→ TASK STATEMENT
Transcribe the lines of the records starting with the one that has "Газовая варочная панель HOMSair/" in it and ending with the last, and transcribe nothing else.

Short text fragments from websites
▼▼▼
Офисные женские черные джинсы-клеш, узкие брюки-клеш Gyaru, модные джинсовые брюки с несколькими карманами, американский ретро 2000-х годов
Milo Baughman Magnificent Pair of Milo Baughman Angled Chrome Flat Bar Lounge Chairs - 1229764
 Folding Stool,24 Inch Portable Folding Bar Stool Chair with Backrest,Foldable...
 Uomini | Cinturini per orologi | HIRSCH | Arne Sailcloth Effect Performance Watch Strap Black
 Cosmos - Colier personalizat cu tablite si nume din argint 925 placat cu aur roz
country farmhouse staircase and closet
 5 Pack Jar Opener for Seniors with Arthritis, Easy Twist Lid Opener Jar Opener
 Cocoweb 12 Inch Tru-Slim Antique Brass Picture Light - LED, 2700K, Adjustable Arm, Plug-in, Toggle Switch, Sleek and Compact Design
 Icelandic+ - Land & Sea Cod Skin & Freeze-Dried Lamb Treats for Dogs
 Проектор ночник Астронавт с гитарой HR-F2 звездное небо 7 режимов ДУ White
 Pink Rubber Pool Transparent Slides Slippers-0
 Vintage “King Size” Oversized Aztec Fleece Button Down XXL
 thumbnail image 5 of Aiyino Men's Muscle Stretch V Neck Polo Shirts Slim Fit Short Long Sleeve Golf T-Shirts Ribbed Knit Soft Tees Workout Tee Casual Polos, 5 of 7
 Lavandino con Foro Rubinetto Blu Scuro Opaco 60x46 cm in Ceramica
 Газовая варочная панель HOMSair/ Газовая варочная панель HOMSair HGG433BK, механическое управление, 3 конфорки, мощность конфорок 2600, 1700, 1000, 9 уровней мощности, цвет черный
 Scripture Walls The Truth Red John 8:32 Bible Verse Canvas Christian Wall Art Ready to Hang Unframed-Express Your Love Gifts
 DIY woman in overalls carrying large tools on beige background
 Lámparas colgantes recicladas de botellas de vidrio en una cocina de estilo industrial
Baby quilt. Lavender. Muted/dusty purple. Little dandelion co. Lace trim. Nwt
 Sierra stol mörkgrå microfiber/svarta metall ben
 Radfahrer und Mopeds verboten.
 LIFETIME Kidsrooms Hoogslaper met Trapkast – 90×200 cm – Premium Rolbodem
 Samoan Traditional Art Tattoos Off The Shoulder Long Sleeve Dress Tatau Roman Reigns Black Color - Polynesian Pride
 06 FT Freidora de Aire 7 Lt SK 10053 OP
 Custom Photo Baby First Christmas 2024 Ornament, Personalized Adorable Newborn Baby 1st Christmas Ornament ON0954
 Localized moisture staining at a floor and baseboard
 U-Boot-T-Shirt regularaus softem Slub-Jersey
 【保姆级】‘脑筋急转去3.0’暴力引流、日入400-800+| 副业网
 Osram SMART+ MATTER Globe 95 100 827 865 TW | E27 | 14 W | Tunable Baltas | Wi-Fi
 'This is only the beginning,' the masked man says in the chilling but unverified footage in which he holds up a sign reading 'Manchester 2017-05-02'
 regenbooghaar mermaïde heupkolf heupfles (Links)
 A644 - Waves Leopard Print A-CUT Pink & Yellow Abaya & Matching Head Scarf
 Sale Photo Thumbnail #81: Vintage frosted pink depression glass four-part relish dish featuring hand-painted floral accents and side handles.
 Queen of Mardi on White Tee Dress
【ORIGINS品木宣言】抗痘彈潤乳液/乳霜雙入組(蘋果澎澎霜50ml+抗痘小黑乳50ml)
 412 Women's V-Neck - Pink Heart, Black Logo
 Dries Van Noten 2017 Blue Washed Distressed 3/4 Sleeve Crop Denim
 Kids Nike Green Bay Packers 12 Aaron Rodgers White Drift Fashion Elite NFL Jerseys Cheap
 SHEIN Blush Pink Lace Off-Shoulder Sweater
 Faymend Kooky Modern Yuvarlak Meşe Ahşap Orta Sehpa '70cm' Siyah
▲▲▲
→ OUTPUT OF THE TASK
 Газовая варочная панель HOMSair/ Газовая варочная панель HOMSair HGG433BK, механическое управление, 3 конфорки, мощность конфорок 2600, 1700, 1000, 9 уровней мощности, цвет черный
 Scripture Walls The Truth Red John 8:32 Bible Verse Canvas Christian Wall Art Ready to Hang Unframed-Express Your Love Gifts
 DIY woman in overalls carrying large tools on beige background
 Lámparas colgantes recicladas de botellas de vidrio en una cocina de estilo industrial
Baby quilt. Lavender. Muted/dusty purple. Little dandelion co. Lace trim. Nwt
 Sierra stol mörkgrå microfiber/svarta metall ben
 Radfahrer und Mopeds verboten.
 LIFETIME Kidsrooms Hoogslaper met Trapkast – 90×200 cm – Premium Rolbodem
 Samoan Traditional Art Tattoos Off The Shoulder Long Sleeve Dress Tatau Roman Reigns Black Color - Polynesian Pride
 06 FT Freidora de Aire 7 Lt SK 10053 OP
 Custom Photo Baby First Christmas 2024 Ornament, Personalized Adorable Newborn Baby 1st Christmas Ornament ON0954
 Localized moisture staining at a floor and baseboard
 U-Boot-T-Shirt regularaus softem Slub-Jersey
 【保姆级】‘脑筋急转去3.0’暴力引流、日入400-800+| 副业网
 Osram SMART+ MATTER Globe 95 100 827 865 TW | E27 | 14 W | Tunable Baltas | Wi-Fi
 'This is only the beginning,' the masked man says in the chilling but unverified footage in which he holds up a sign reading 'Manchester 2017-05-02'
 regenbooghaar mermaïde heupkolf heupfles (Links)
 A644 - Waves Leopard Print A-CUT Pink & Yellow Abaya & Matching Head Scarf
 Sale Photo Thumbnail #81: Vintage frosted pink depression glass four-part relish dish featuring hand-painted floral accents and side handles.
 Queen of Mardi on White Tee Dress
【ORIGINS品木宣言】抗痘彈潤乳液/乳霜雙入組(蘋果澎澎霜50ml+抗痘小黑乳50ml)
 412 Women's V-Neck - Pink Heart, Black Logo
 Dries Van Noten 2017 Blue Washed Distressed 3/4 Sleeve Crop Denim
 Kids Nike Green Bay Packers 12 Aaron Rodgers White Drift Fashion Elite NFL Jerseys Cheap
 SHEIN Blush Pink Lace Off-Shoulder Sweater
 Faymend Kooky Modern Yuvarlak Meşe Ahşap Orta Sehpa '70cm' Siyah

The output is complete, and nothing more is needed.